Monday, 30 June 2014

Castles of the Welsh Marches

The borderland between England and Wales was a "wild west" for most on the Middle Ages. Wales was conquered by Edward I in the late 13th century, though there was a major rising under Owain Glyndwr, who proclaimed himself Prince of Wales in 1400, but was driven from his strongholds and died around 1415. Because of the turbulence and lawlessness, the great noble families who dominated the borderland, Bohun, Clare, Mortimer, Montgomery and others, known as the "Marcher Lords", were given extraordinary powers. Later, under the Yorkist kings, the Council of Wales was set up, usually under a member of the royal family, to try and impose some law and order. It was only in the 1530s that the Marcher lordships were abolished, with Wales fully integrated with England and Welsh M.P.s elected to the Westminster Parliament. The borderlands remain thinly populated even today.

The region boasts a number of fine castles. One of the best is Ludlow, the seat of the Council of Wales, still dominating the crossing in the River Teme to the west. (I have more pictures of Ludlow castle on an earlier blog entry)

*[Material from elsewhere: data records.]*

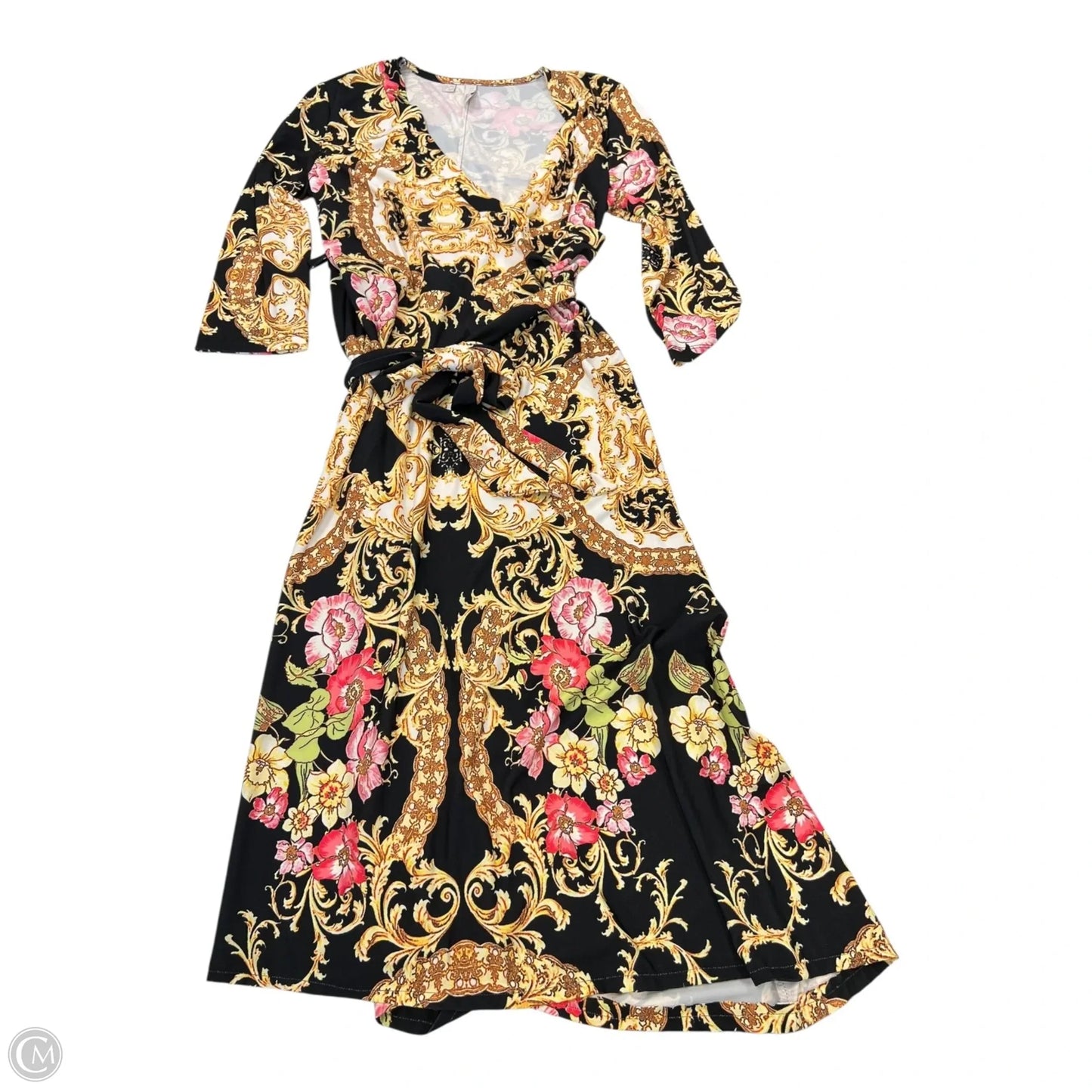 Dress Casual Midi By Clothes Mentor In Floral Print, Size: M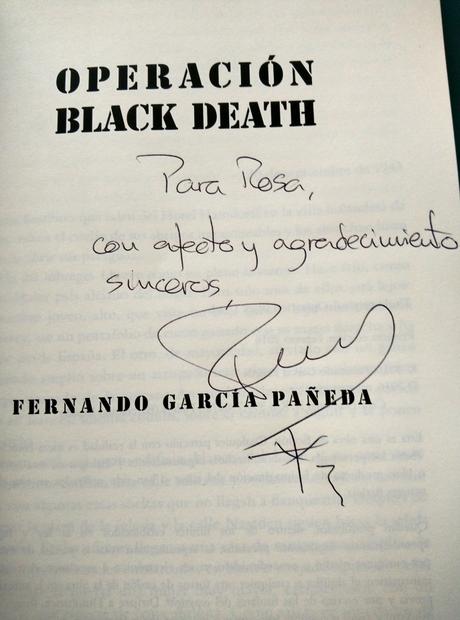 Operación black death, fernando García Pañeda, ficción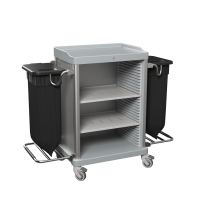 Housekeeping Trolley with 2 Laundry Bags –...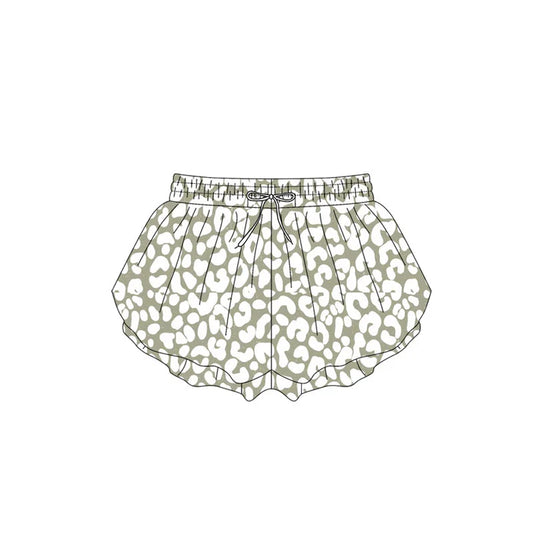 4.18   SS0586 Baby Girls Aqua Leopard Summer Shorts Bottoms Preorder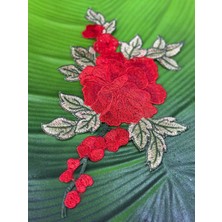 Gönülden Tasarım 27X20 cm Nakış Işleme Çiçekli Aplike Dikiş Giyim Aksesuarı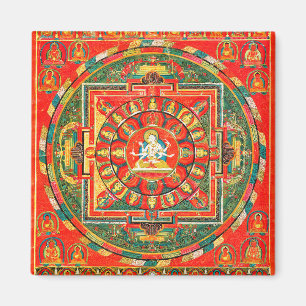 Mandala Cosmic Diagram voor Meditatie Magneet
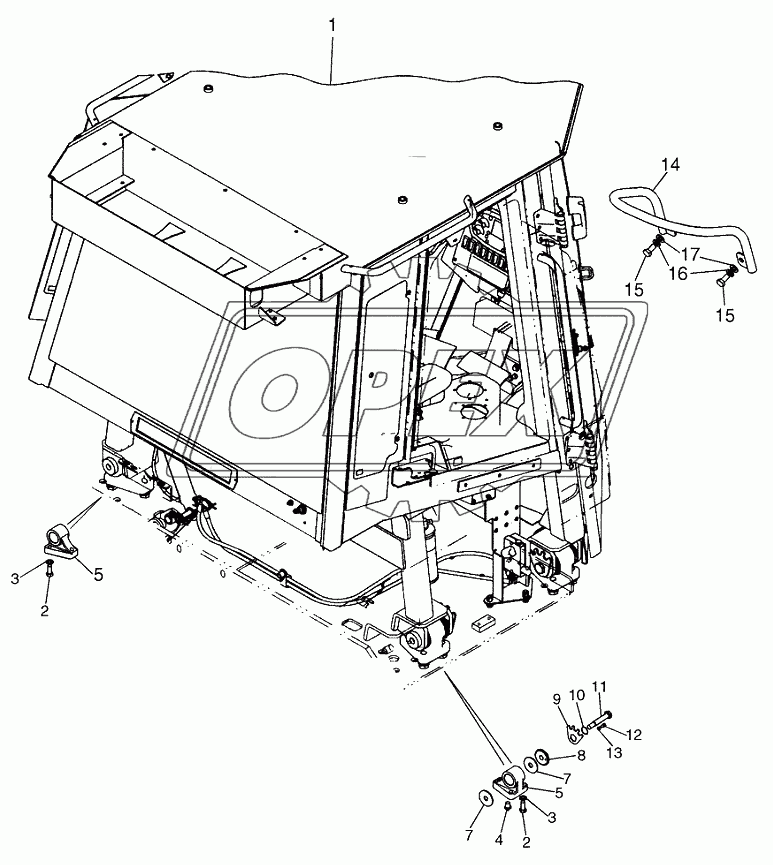 CAB ­ FRAME AND MOUNTING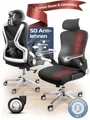 CLOUVOU Bürostuhl ergonomisch, Schreibtischstuhl bis 150 kg - Testsieger (PowerSeat - Chefsessel für Arbeitszimmer, 5D Gaming Armlehnen), Blade Wheels, Homeoffice, Gaming Stuhl, Drehstuhl), Blade Wheels, Homeoffice, Gaming Stuhl, Drehstuhl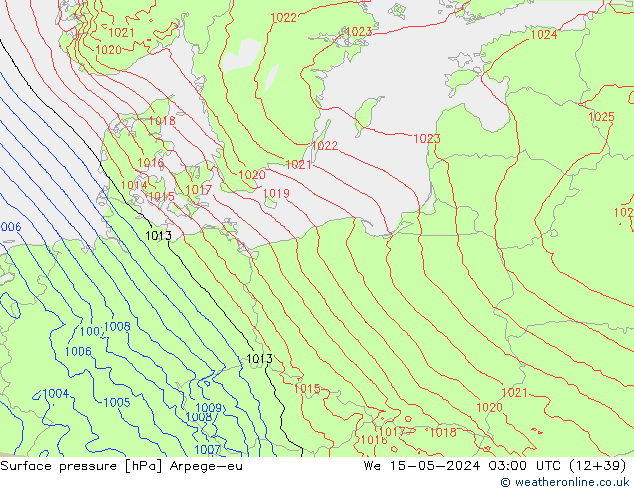 Atmosférický tlak Arpege-eu St 15.05.2024 03 UTC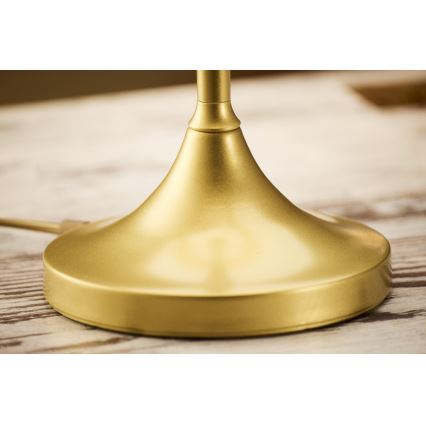 Jupiter 2112 - Tafellamp KASZMIR 1xE27/15W/230V wit/goud/marmerdecor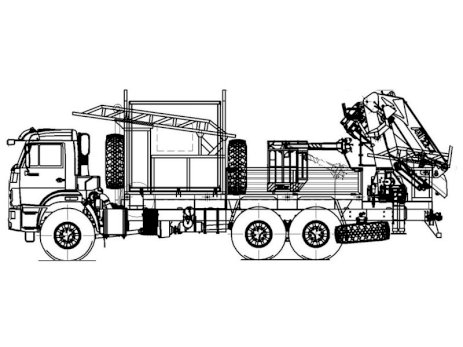 МАРС КАМАЗ 43118-3027-50 с КМУ АНТ 22-4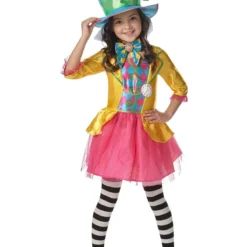 Rubies Mad Hatter Girls Deluxe Costume (Large Polybag) Small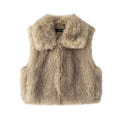Gilet Smanicato Pelliccia Donna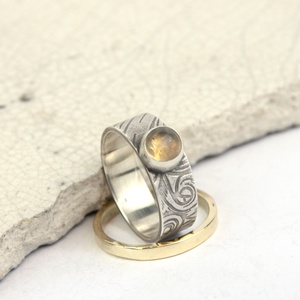 Napfonat - ezüst gyűrű citrinnel - ékszer - gyűrű - kerek gyűrű - Meska.hu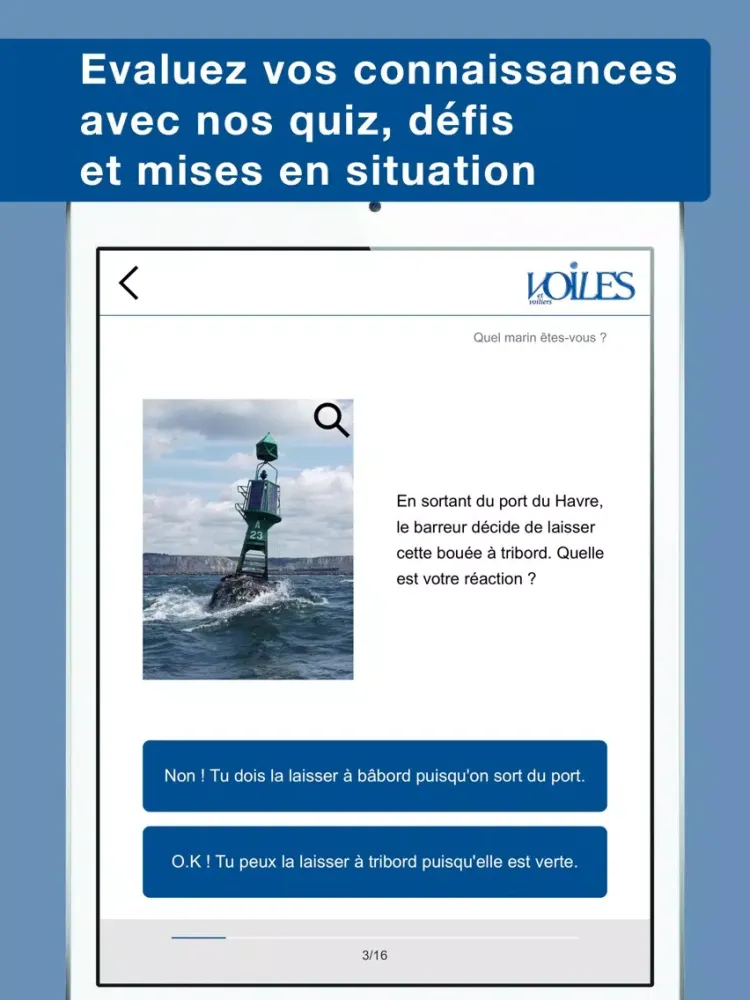 Capturas de tela do Le balisage maritime - Voiles et Voiliers - Au programme du Permis Côtier iPad 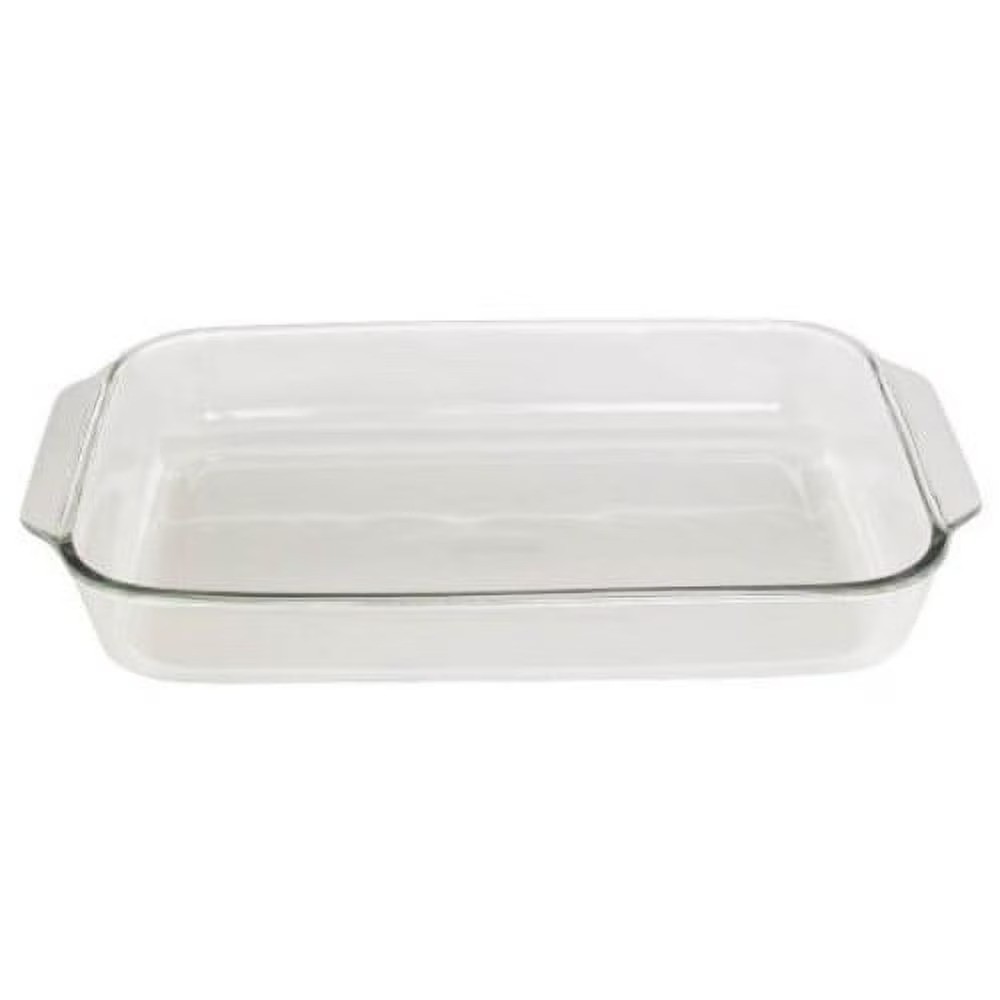 Rectangular Clear Tempered Glass Baking Dish 5 Quart Oven Safe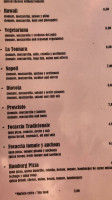 Atipico Italiano Pizzería Y Spaghetteria menu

Clun castle was a stronghold of the Fitzalans, but the large windows in the late 13th century keep suggest that it was not expecting a serious assault by that time

Montgomery castle is over the modern border, in Powys. It was first built in the 1220s, and stands on a natural outcrop of rock in a splendid position overlooking the plains to the north and east. It was partially destroyed after surrendering to Parliamentary forces in 1644.

Wigmore castle, in Herefordshire, was founded not long after the Norman Conquest, and soon came under the control of the Mortimer family. Their most famous member was Roger Mortimer, who in 1327 deposed and murdered Edward II and for a brief while ruled England as the lover of Queen Isabella, before himself being overthrown and executed by the young Edward III in 1330. But the Mortimers soon returned to favour, and all English monarchs since the 15th century have been descended from them

Shrewsbury was once the site of an important castle, but what we see now is mostly a replacement built by Thomas Telford at the end of the 18th century.

All that survives of Bridgnorth castle is the Norman keep, now leaning at a precarious angle!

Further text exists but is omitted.